[Items from a data source]
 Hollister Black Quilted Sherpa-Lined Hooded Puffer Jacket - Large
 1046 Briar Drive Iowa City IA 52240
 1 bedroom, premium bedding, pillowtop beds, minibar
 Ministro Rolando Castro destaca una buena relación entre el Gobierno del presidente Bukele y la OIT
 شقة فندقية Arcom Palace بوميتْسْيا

...

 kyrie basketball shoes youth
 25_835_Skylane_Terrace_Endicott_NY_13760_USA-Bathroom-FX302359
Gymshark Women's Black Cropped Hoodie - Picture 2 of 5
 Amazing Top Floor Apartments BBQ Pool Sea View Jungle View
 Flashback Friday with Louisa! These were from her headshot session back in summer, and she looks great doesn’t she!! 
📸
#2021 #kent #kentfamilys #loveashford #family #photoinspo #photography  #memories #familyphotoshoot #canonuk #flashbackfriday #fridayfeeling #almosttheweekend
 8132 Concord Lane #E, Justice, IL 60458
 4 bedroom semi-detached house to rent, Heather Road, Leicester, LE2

- **Exercise details**:
Only the number is wanted: count the lines of the records that hold the word "Black".

- **Exercise answer**:
2